Of the items we finally successfully procured, an alleged “Carolina pulled pork sandwich” was best, though the pork (in chunks, not pulled) was dry, colder than room temperature, and dripping with ketchupy barbecue sauce as well as sour cream. In fairness to Cheli’s, the latter concoctions were described on the menu, so we knew what we were in for. However, they’d have given any real North Carolina ‘cue purist a stroke.
The house salad sounded intriguing (“mixed lettuce with roasted beets in a balsamic vinaigrette”) but was iceberg, with a few cuke and tomato slices plus one jarred pickled pepper — no fresh beets. When I pointed out the crucial omission to our waiter, he grabbed the salad, saying he’d see if the chef would fix it. We never saw it again.
Onion rings, described as “sweet onions dipped in beer batter” turned out to be those preformed frozen circles of heavily breaded onion-flavored batter, with no actual ring of onion inside.
“Real food” — in what fantasy world?
A Cuban sandwich, described as “extremely fresh and authentic,” was a disgusting mayonnaise-slathered sandwich of mediocre-quality ham and cheese on vaguely Cuban-like bread — no mustard, no pickles, and, most appallingly, no roast pork. Personally I don’t nitpick about whether the most authentic Cuban sandwich is the Tampa type (with salami) or the salami-free Miami model, but — dammit! — a “Cuban sandwich” without pork is not a Cuban sandwich. (At $4.55, it’s not cheap either.)
Seeking explanations, my Cuban-American dining companion asked to speak to the chef, who arrogantly insisted that the Cuban sandwich was authentic. There was no pork, he said, because “everyone is so afraid to get fat.” He also claimed that the breaded circles did contain rings of onion, though I crumbled several in front of him to prove they were pure batter. The deceptive menu? “We have different specials every day.

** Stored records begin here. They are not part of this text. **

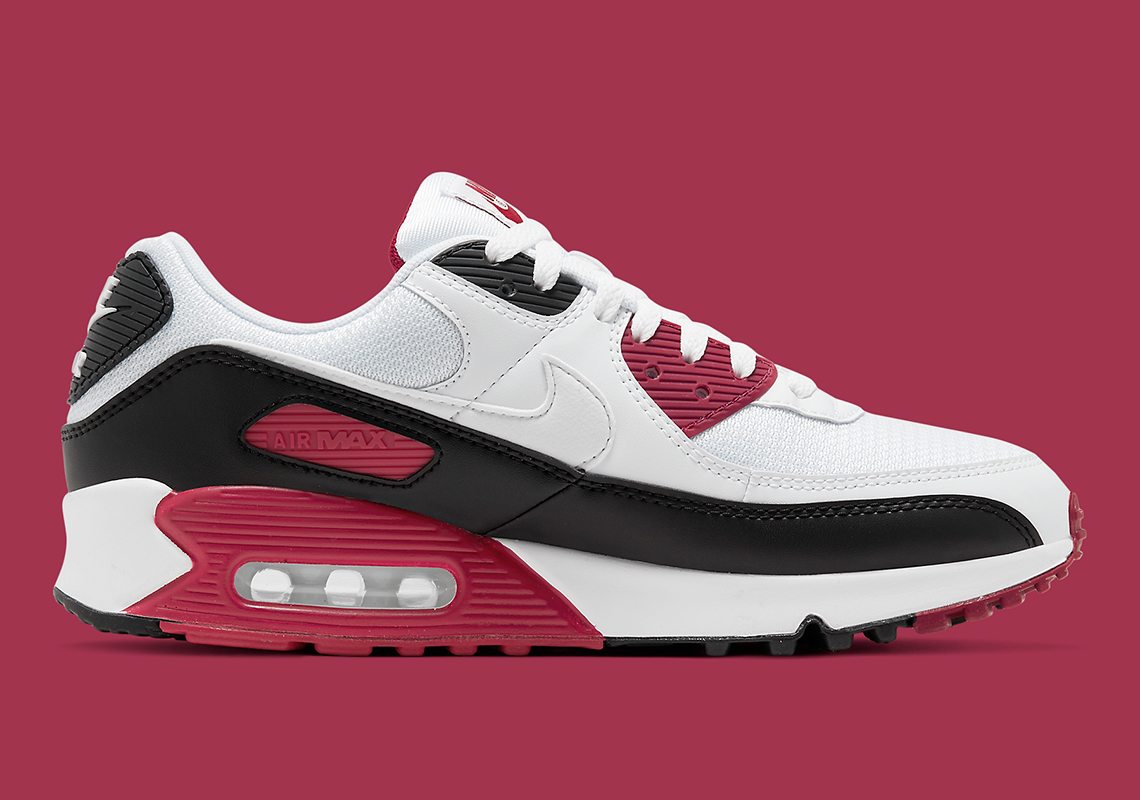 Nike Air Max 90 Ct4352 104 6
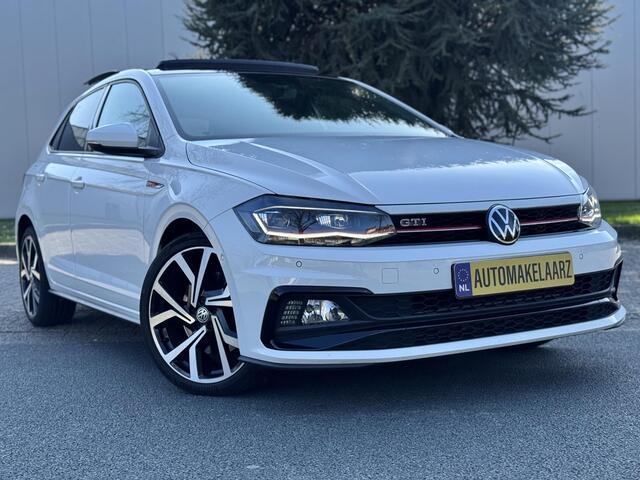 Volkswagen POLO 2.0 TSI GTI LED PANO CARPLAY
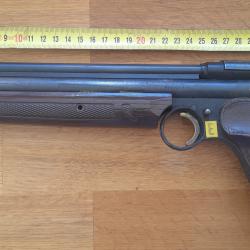 Crosman Medalist 1322, s&eacute;rie 1, en excellent &eacute;tat g&eacute;n&eacute;ral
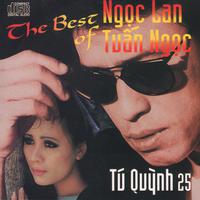 The Best Of Ngọc Lan - Tuấn Ngọc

You should have ordered one of them!” he yelled, outraged.
“No one mentioned any specials,” retorted one of my friends.
“Anyway, I ordered key lime pie, which is a special,” I added. “You don’t have it.”
“What is the matter with you people?” he barked. “Are you writers for some paper?”
So only food critics would be picky enough to find fault with menus full of food diners can’t order, fake Cuban sandwiches, and so on … right? Heh. I think Miamians might surprise the fellow. Anyone want to bet that within a year there’ll be a nice vacant space on 44th Street, in which some chef who truly respects real food — and real people — will, with luck, open the cheap-eats jewel Cheli’s could have been?